Dans un pays où l'homosexualité n'est plus taboue mais commence à peine à être tolérée, les organisateurs -- des étrangers installés en Chine-- n'ont pas voulu brusquer les autorités.«Shanghai Pride» se passera donc de défilé coloré, typique des manifestations de la fierté homosexuelle en Europe et aux États-Unis, et se contente de célébrer l'homosexualité dans des lieux privés, ce qui évite d'avoir à demander une autorisation officielle, autour d'événements en anglais.

Pour les premiers événements, le public était majoritairement expatrié.

«Même si on parle de (Shanghai Pride) depuis longtemps, les nouvelles publiées en chinois à ce propos ne sont que très récentes», explique Xing Zhao, un homosexuel qui compte assister à une grande soirée prévue samedi au Glamour bar, endroit «branché» sur la mythique promenade du Bund, essentiellement fréquenté par des Occidentaux.

Le site Internet de cette Gay pride à la chinoise n'a pas de version en chinois.

Organisée par Shanghai LGBT (Lesbian, Gay, Bisexual, Trans-gendered), association d'expatriés anglophones qui compte 1.000 membres, la Shanghai Pride s'articule autour de projections de films, d'ateliers, d'expositions artistiques ou ventes caritatives. Lancée dimanche dernier, elle se terminera le week-end prochain.

«Nous avons conscience que développer la compréhension et l'acceptation d'un mode de vie non traditionnels prend plus de temps que de construire des gratte-ciels. Nous espérons que ce festival travaillera positivement dans ce sens», a estimé dans un communiqué Hannah Miller, porte-parole de l'association.

Pourtant, la communauté gay chinoise n'est pas persuadée de voir la cause homosexuelle progresser rapidement en Chine. «Je ne pense pas que la Shanghai Pride change d'un seul coup la perception des gens à l'égard des homosexuels», estime Wang Jin

«Mais c'est toujours mieux qu'elle ait lieu que le contraire», estime cette lesbienne chinoise de 27 ans, qui a entendu parler de cette semaine spéciale, mais n'en connaît pas le déroulement et n'y prendra pas part.
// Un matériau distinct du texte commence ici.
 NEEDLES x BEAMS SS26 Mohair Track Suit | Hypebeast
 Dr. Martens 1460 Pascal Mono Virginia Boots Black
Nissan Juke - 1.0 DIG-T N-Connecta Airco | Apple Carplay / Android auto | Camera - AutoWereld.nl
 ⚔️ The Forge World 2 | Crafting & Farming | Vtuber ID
«Ils ne viennent pas avec de mauvaises intentions, mais c'est une culture gay très occidentale et ce n'est pas suffisant pour inclure les Chinois, alors qu'il y a tellement d'homosexuels chinois dans une ville comme Shanghai», souligne Xing Zhao.
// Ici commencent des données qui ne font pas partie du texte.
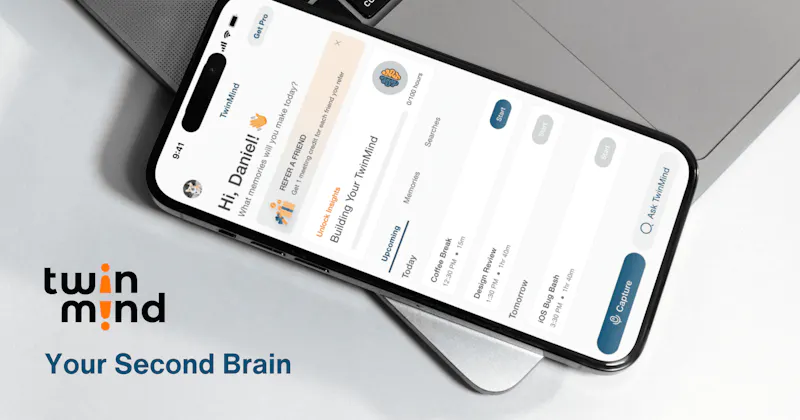 TwinMind for Apple Watch screenshot 1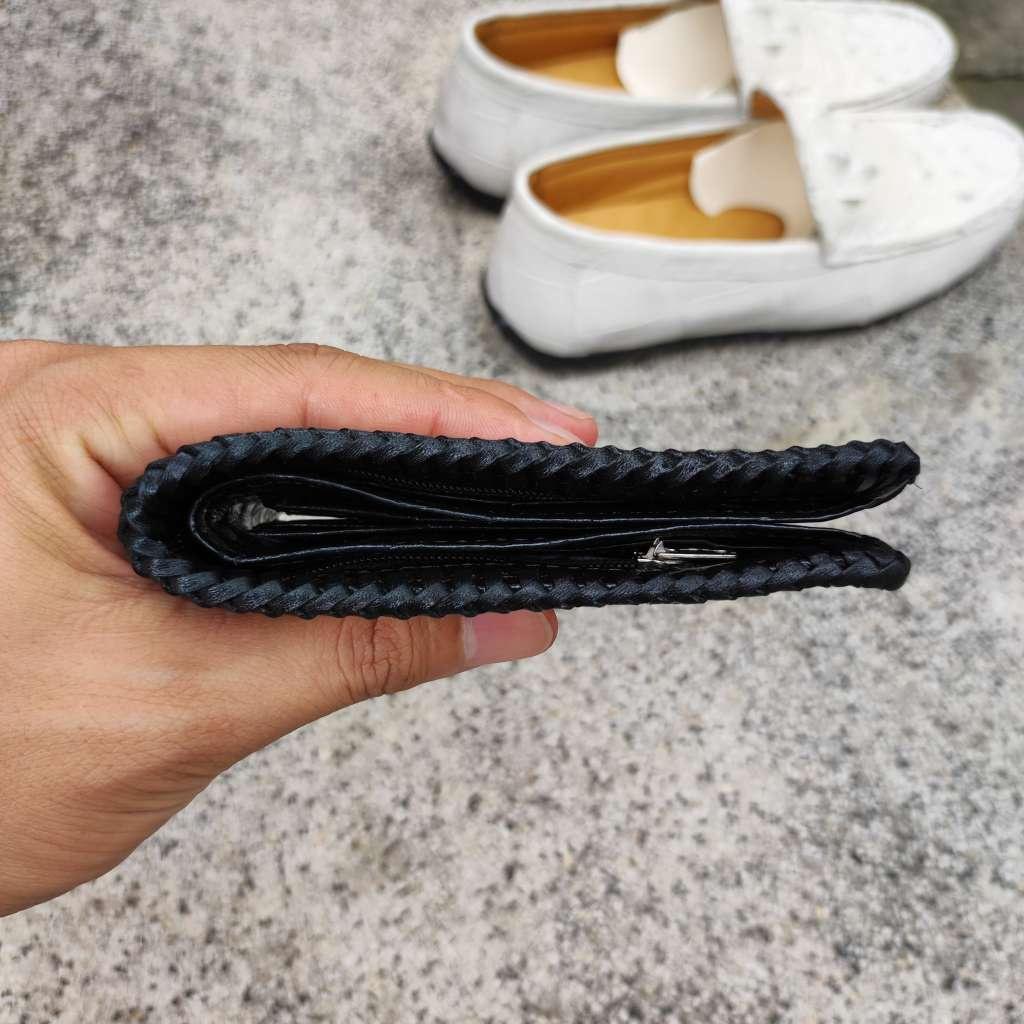 Ví full Da bụng cá sấu trong ngoài!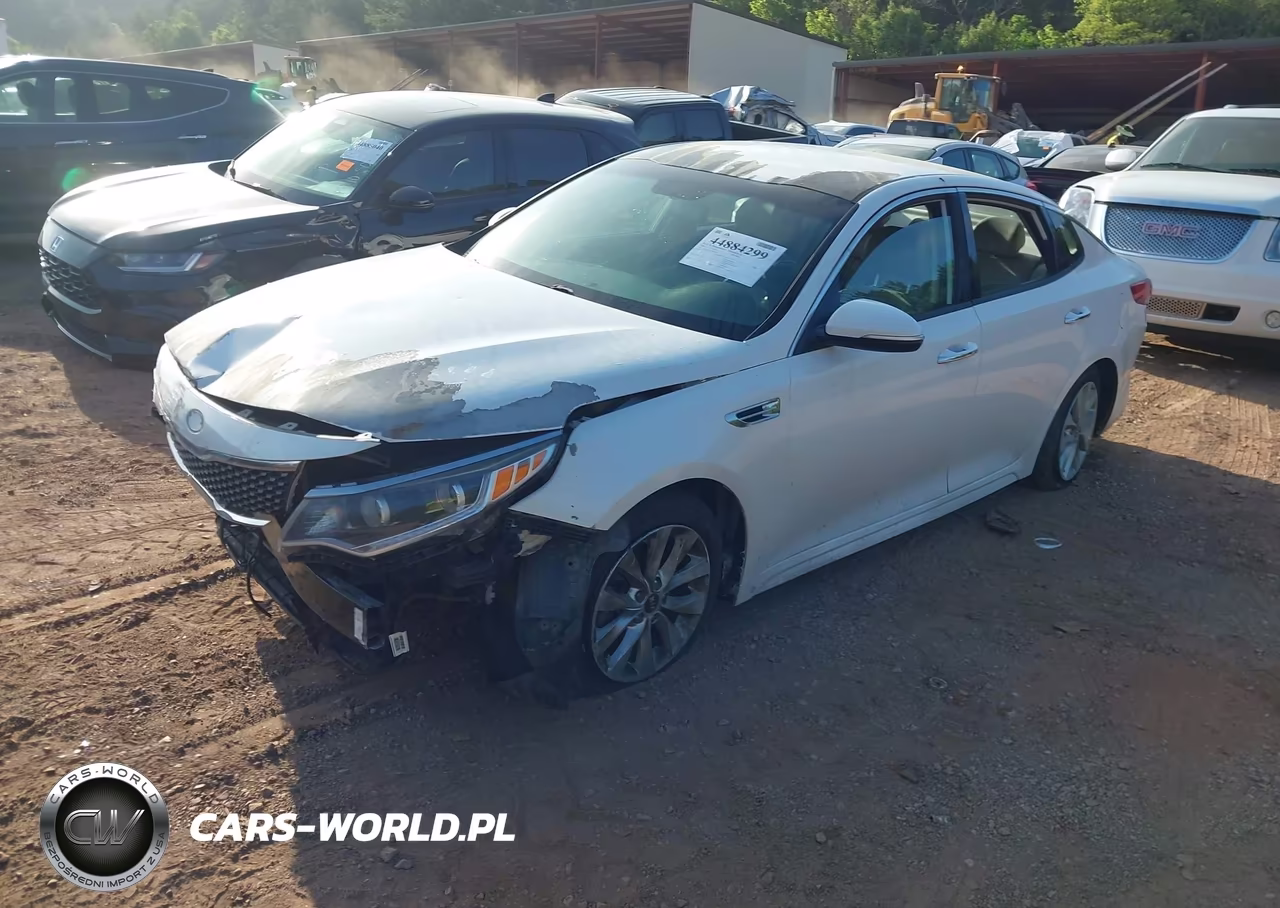 2016 Kia Optima Ex VIN:5XXGU4L32GG056420 - 2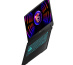MSI Katana 17 B12VFK-048XFR Intel® Core™ i7 i7-12650H Ordinateur portable 43,9 cm (17.3") Full HD 16 Go DDR5-SDRAM 512 Go SSD NVIDIA GeForce RTX 4060 Wi-Fi 6 (802.11ax) DOS gratuit Noir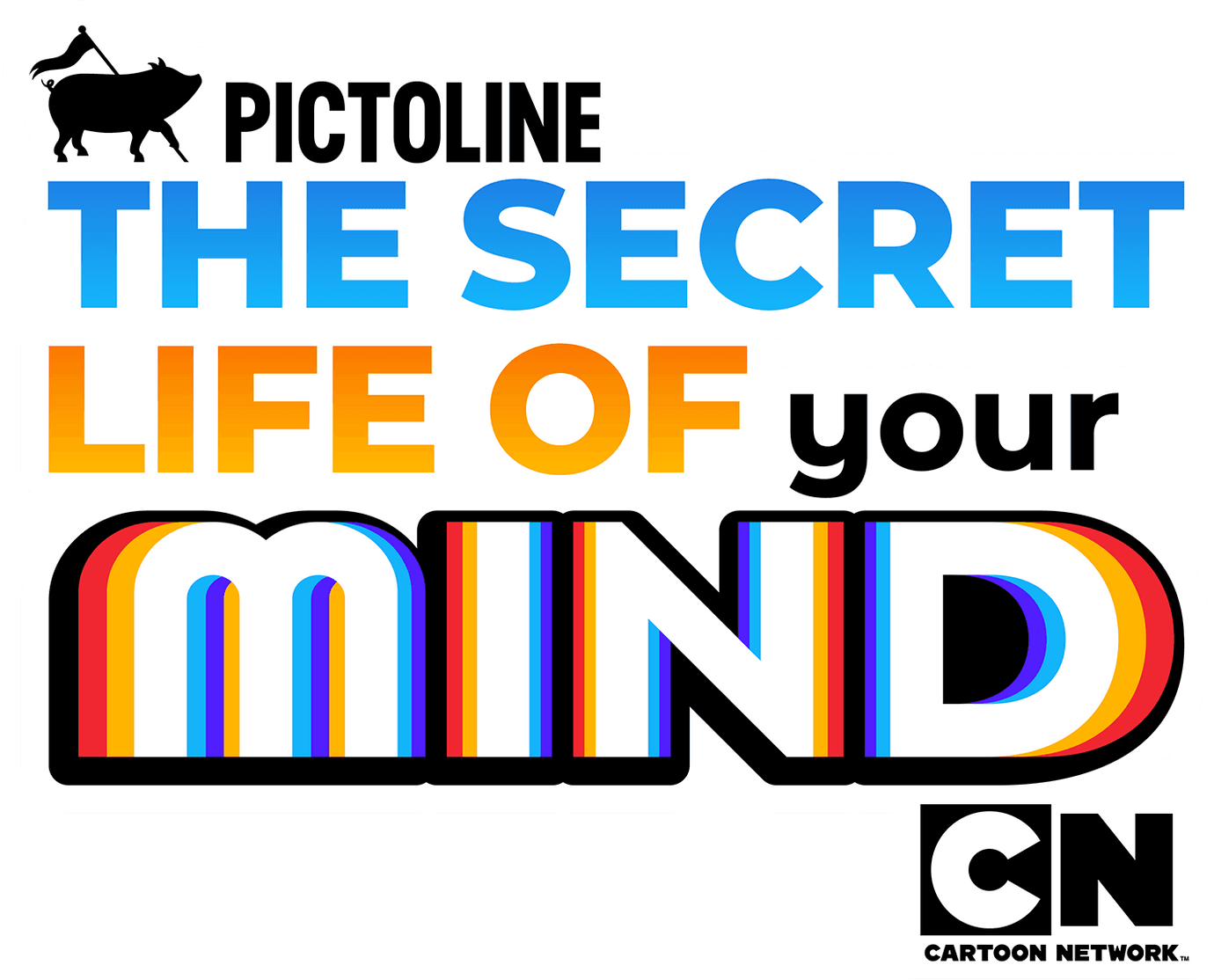 Pictoline: The secret life of your Mind logo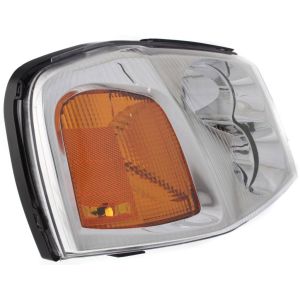 GM TRUCKS & VANS ENVOY XUV HEAD LAMP ASSEMBLY RIGHT (Passenger Side) **CAPA** OEM#15866070 2004-2005 PL#GM2503220C
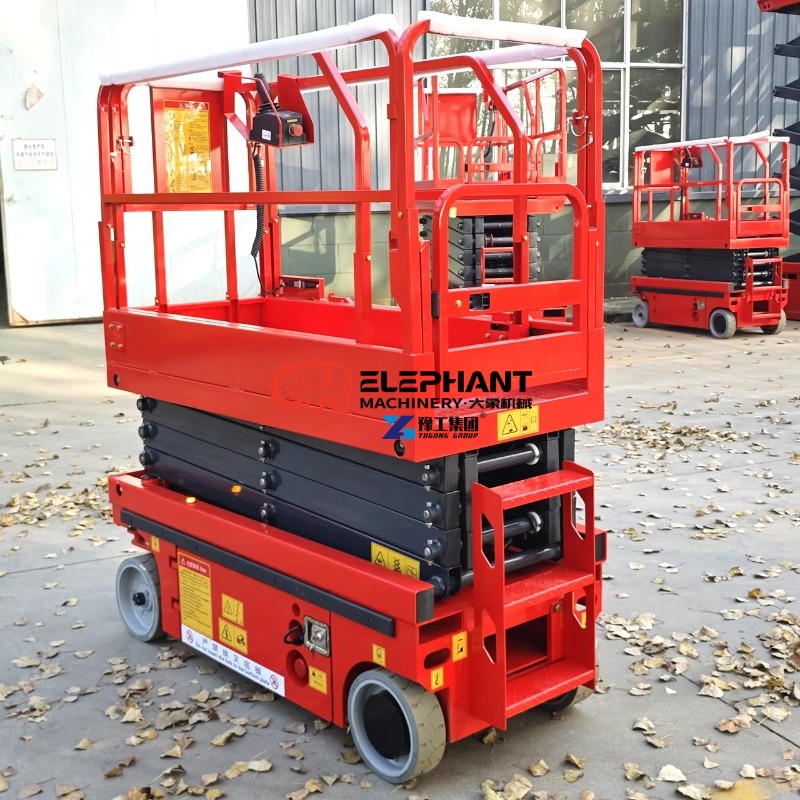 New Direct Sale CE 6m - 18m Ae - Scissor Lift Table Hydraulic ulasan dan harga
Ce trentenaire fréquente des thés dansants réservés aux hommes gays, pour seulement 5 yuans l'entrée (50 centimes d'euros) dont la clientèle est uniquement chinoise.

Samedi, le barbecue prévu en début d'après-midi coûtera 150 yuans (15 euros). Une somme non négligeable pour le public local.

L'argent récolté pendant la semaine sera versé à la Fondation Chi Heng de Hong Kong afin de financer son projet Orphelins du Sida en Chine.

Shanghai, avec sa vie nocturne trépidante et son cosmopolitisme, reste une ville très ouverte pour la communauté gay, en comparaison du reste de la Chine.

De nombreux bars ont capté une clientèle exclusivement homosexuelle, quand certaines villes côtières également ouvertes sur l'international n'en compte pas un, à l'instar de Qingdao (nord-est).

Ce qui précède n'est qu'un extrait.